Instanzenzug: (EFG 2009, 1565) (Verfahrensverlauf),

Gründe

I.

1Streitig ist, ob Aufwendungen für den Unterhalt von in der Türkei lebenden Angehörigen als außergewöhnliche Belastungen nach § 33a des Einkommensteuergesetzes i.d.F. des Streitjahres (EStG) zu berücksichtigen sind.

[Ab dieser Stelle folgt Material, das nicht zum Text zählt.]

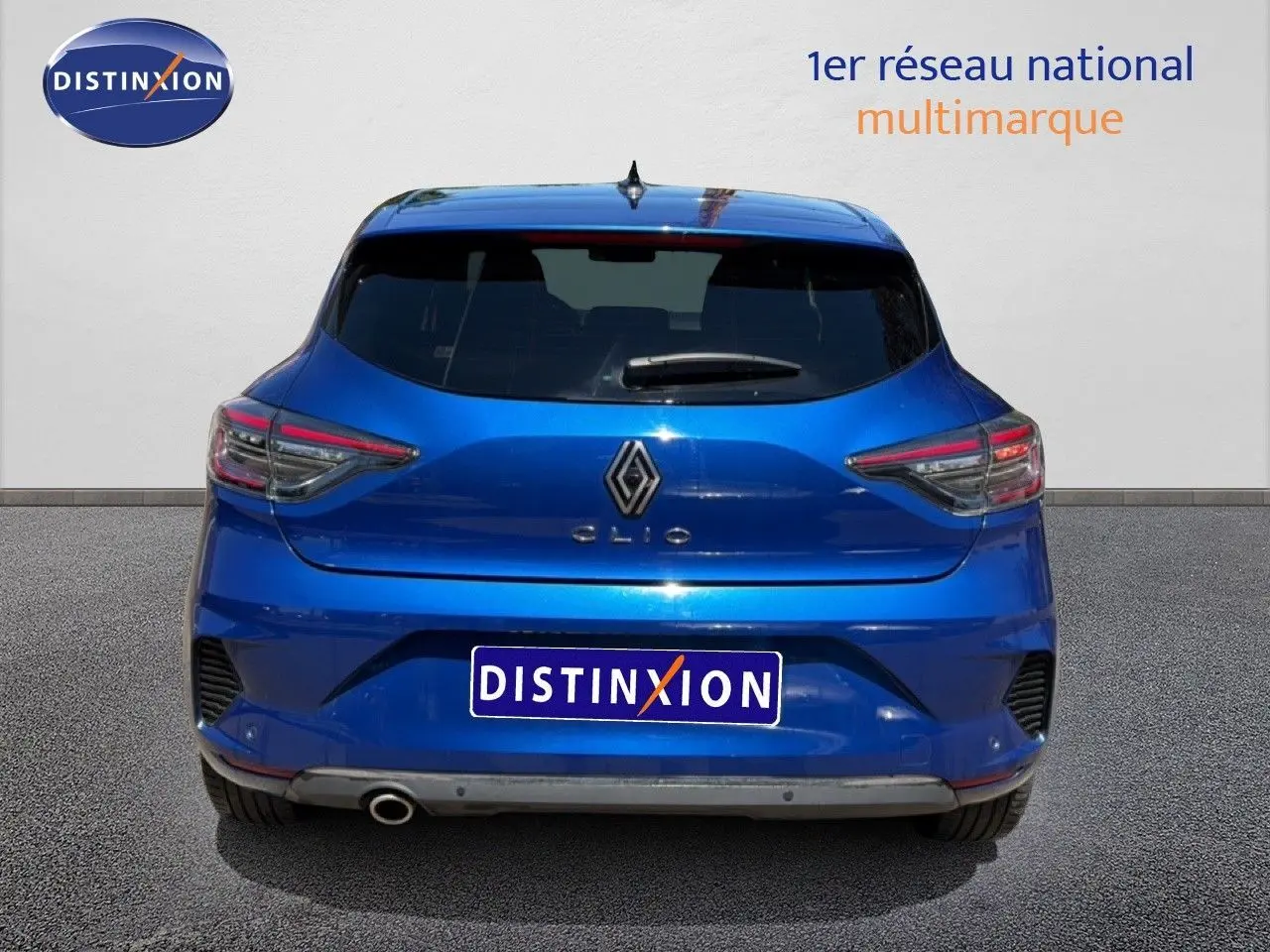 Vue arrière d'une Renault Clio bleu Iron Metal 2025 avec feux LED et sortie d'échappement visible côté gauche.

2Die Kläger und Revisionsbeklagten (Kläger) werden als Eheleute zusammen zur Einkommensteuer veranlagt. Im Streitjahr (2005) zahlten sie insgesamt 7.350 € an die in der Türkei lebenden Eltern der Klägerin. Ausweislich einer von den türkischen Behörden ausgestellten Unterhaltsbescheinigung sind die Eltern nicht berufstätig, haben keine eigenen Einkünfte oder Vermögen und tragen neben den Klägern keine anderen Personen zu ihrem Unterhalt bei. In der mündlichen Verhandlung vor dem Finanzgericht (FG) wurden die Angaben dahingehend berichtigt, dass der Vater der Klägerin eine Rente in Höhe von 220 € monatlich bezieht und Eigentümer von zwei Häusern mit jeweils einer Wohnfläche von etwa 45 qm ist. In einem Haus wohnen die Eltern selbst, das andere Haus, das in unmittelbarer Nachbarschaft zum Wohnhaus der Eltern belegen ist, wird unentgeltlich von dem Bruder der Klägerin und dessen Familie genutzt. Neben dem Bruder leben noch zwei Schwestern mit ihren jeweiligen Familien in derselben Gemeinde, aber nicht in unmittelbarer Nachbarschaft zu den Eltern.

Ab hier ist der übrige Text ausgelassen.